In the Eixample, which is where the line linking the Mercat de Sant Antoni and the old Model prison – which, with peak attendance of around 200 people, is the most numerous – there are already two more in operation: the one that leaves from the Letamendi square also towards the old Model prison and the one that runs along Diagonal from Verdaguer to Les Glòries. And two more are about to be launched: one will bear the name of Sagrada Família, which will depart from Provença-Cartagena and will end at Escola 9 Graons after passing through the Sagrada Familia and Fructuós Gelabert schools, and another will consolidate what were branches of the Sant Antoni line. That is, routes that until now were made along bike lanes to reach schools that are not on Entença street and which were so popular they "have overflowed". Therefore, they will leave bike lanes and take over the road along Consell de Cent.

It will be, in fact, the first possibility of a transfer from one line to another, as if it were a subway or bus line. A child will be able to start the itinerary at Mercat de Sant Antoni and when arriving at Consell de Cent change lines to reach schools such as Diputació or Auró.

First day of bike bus along Barcelona's Diagonal.

A line is also starting to operate in Les Corts, which unlike all other lines will work on Thursdays. There is also one in Ciutat Vella, promoted by the Pere Vila school, which starts in La Rambla, one in Sant Andreu and a recovered line Sarrià, where there was a first attempt last year and a new line has been set up this year that operates in three shifts to serve students who start at 8 am, 8.30 am and 9 am.

"Now there is more and more of us we dare even with take on the Via Augusta", explains Yago Raventós, who is a teacher at Col·legi Reial Monestir de Santa Isabel and brought the bike bus to Barcelona last year and now participates in the joint project by eight schools, in which 90 children and 40 adults take part. This, they say, means fifteen fewer vehicles on the streets between cars and motorcycles. Canvis en Cadena calculates that bike buses that use their app (not all, but including 454 children from ten municipalities) replace 180 cars.

Bike lanes, parking spaces and radars

The first initiative in Sarrià, however, stopped working because of the lack of safe places to park bicycles, a demand cyclists maintain. The organizers of the Eixample bicycle bus lines also have demands, and this week they met with city councillors to inform of two new lines in the pipeline and to ask about the status of their requests. These include making a safe bike lane on Entença street, where there are three primary schools that every Friday join the bike bus; one on Mallorca street; or the installation of anchors to park bicycles next to schools.

District councillor Pau Gonzàlez, who claims he is "delighted that the bicycle bus project is growing because it is children taking back the streets", responded to the requests by assuring that, for the moment, what will be done in Entença is the service lane, which is what was already agreed, but that the commitment is that this work will not prevent, in the future, building a bike lane. He also reported that the district has purchased about 200 anchors for bicycles that will now be distributed with the commitment to meet the needs of the bicycle buses.

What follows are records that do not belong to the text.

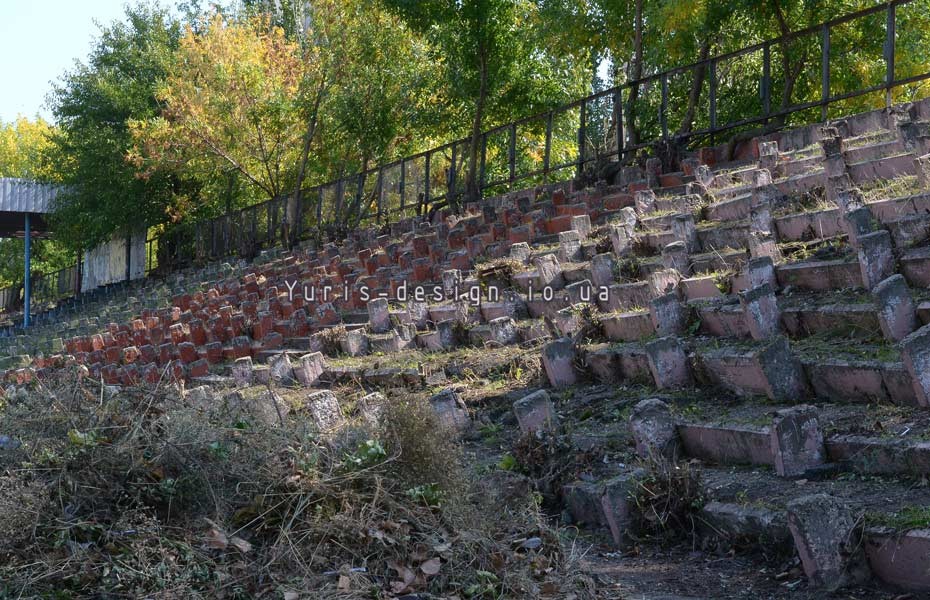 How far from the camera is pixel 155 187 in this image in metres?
32.2

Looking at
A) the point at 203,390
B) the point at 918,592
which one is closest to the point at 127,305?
the point at 203,390

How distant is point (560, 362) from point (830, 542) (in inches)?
141

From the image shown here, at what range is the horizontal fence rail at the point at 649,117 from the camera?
12.2 meters

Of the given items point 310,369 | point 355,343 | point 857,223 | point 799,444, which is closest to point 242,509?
point 799,444

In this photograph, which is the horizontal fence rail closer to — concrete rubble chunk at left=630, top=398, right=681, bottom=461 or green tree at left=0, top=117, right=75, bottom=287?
concrete rubble chunk at left=630, top=398, right=681, bottom=461

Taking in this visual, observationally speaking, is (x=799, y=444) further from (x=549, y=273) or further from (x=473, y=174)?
(x=473, y=174)

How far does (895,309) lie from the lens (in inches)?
218

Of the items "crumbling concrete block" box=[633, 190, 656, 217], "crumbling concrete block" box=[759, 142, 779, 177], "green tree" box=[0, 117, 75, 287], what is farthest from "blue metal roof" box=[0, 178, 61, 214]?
"crumbling concrete block" box=[759, 142, 779, 177]

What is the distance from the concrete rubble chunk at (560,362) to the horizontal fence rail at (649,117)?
4.92 m

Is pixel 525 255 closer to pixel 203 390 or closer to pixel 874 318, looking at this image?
pixel 203 390

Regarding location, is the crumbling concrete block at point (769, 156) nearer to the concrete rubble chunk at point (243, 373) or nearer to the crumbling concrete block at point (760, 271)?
the crumbling concrete block at point (760, 271)

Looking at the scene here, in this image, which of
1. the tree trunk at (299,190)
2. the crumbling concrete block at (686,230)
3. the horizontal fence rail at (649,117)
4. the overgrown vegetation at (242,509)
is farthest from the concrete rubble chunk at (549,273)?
the tree trunk at (299,190)

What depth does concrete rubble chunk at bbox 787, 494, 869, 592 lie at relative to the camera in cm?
411

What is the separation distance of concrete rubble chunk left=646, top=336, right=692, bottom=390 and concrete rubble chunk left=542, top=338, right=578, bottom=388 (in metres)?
1.07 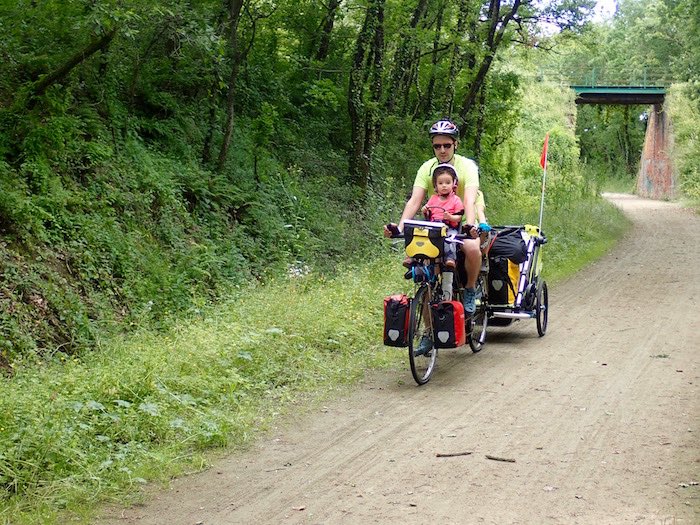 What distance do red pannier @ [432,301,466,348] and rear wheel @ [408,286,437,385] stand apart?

But the schools that have joined the bike bus fever have even more requests, such as reducing the number of lanes or, at the very least, more control of the speed limit on the streets that go past schools. This is the case of 9 Graons, in the Eixample, on Roger de Flor street, where data from a pedagogical radar and a sensor installed by families indicates that more than half of drivers break the 30 km/h limit. In fact, 8% drive at more than 70 km/hour. "We need elements that force people to reduce their speed, we don't want any surprises," laments Marc Hurtado, from the school's parent associatoin, who also calls for improvements to the cycle lane network.